#### BRIEF
Each line of the data must reappear exactly in your answer, with no images included.

#### GIVEN MATERIAL
»»

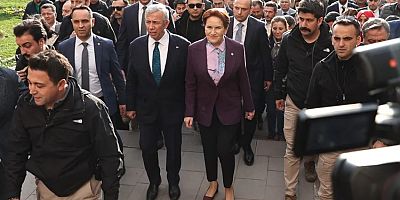 AkşenerAkşener, Yavaş'la birlikte iftara katıldı: Seçimi kazanıyoruz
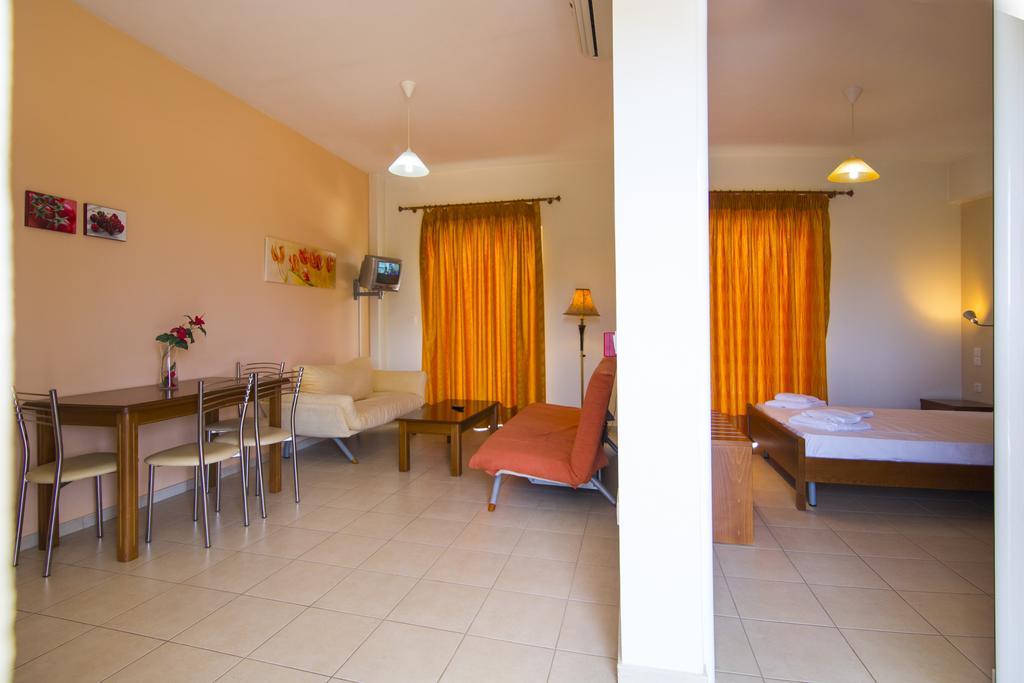Vakis Apartments Захаро Екстериор снимка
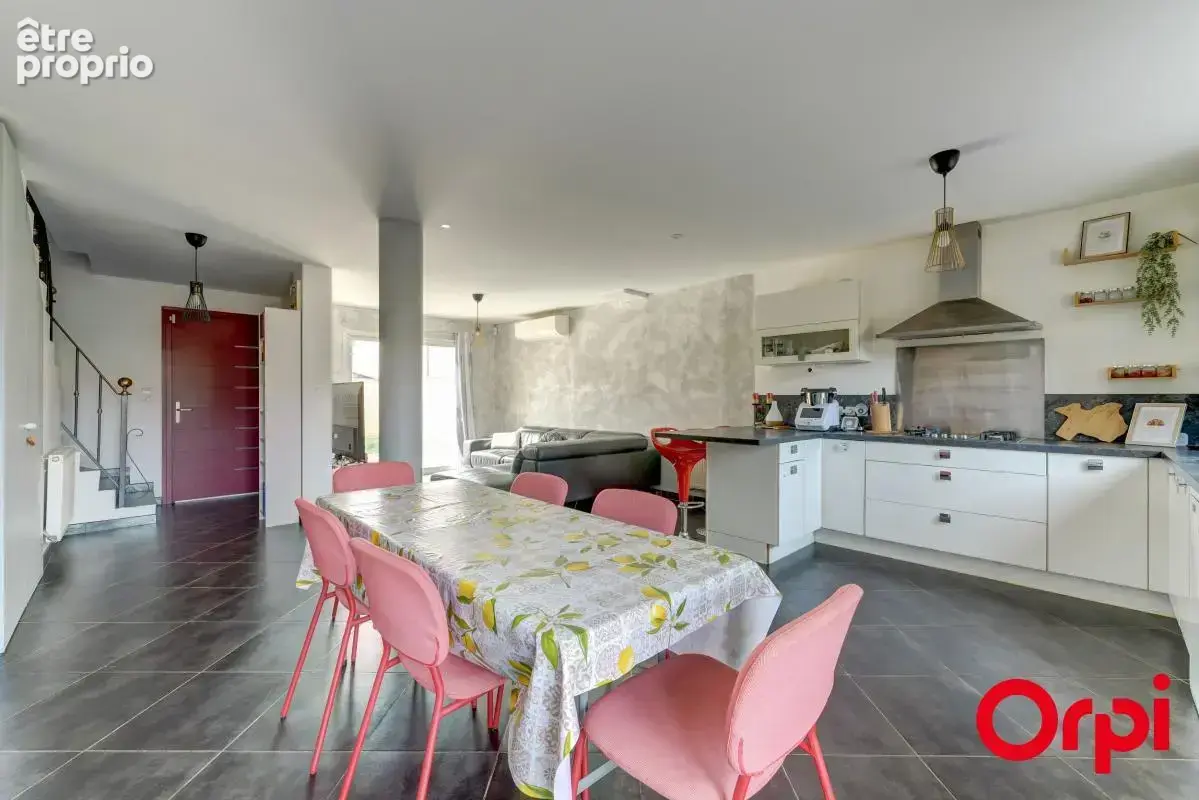 Maison récente de 105 m² avec quatre chambres sur un terrain de 317 m² à Vaulx-en-Velin - photo 2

««

#### RESULT OF THE EXERCISE
 AkşenerAkşener, Yavaş'la birlikte iftara katıldı: Seçimi kazanıyoruz
Vakis Apartments Захаро Екстериор снимка
 Maison récente de 105 m² avec quatre chambres sur un terrain de 317 m² à Vaulx-en-Velin - photo 2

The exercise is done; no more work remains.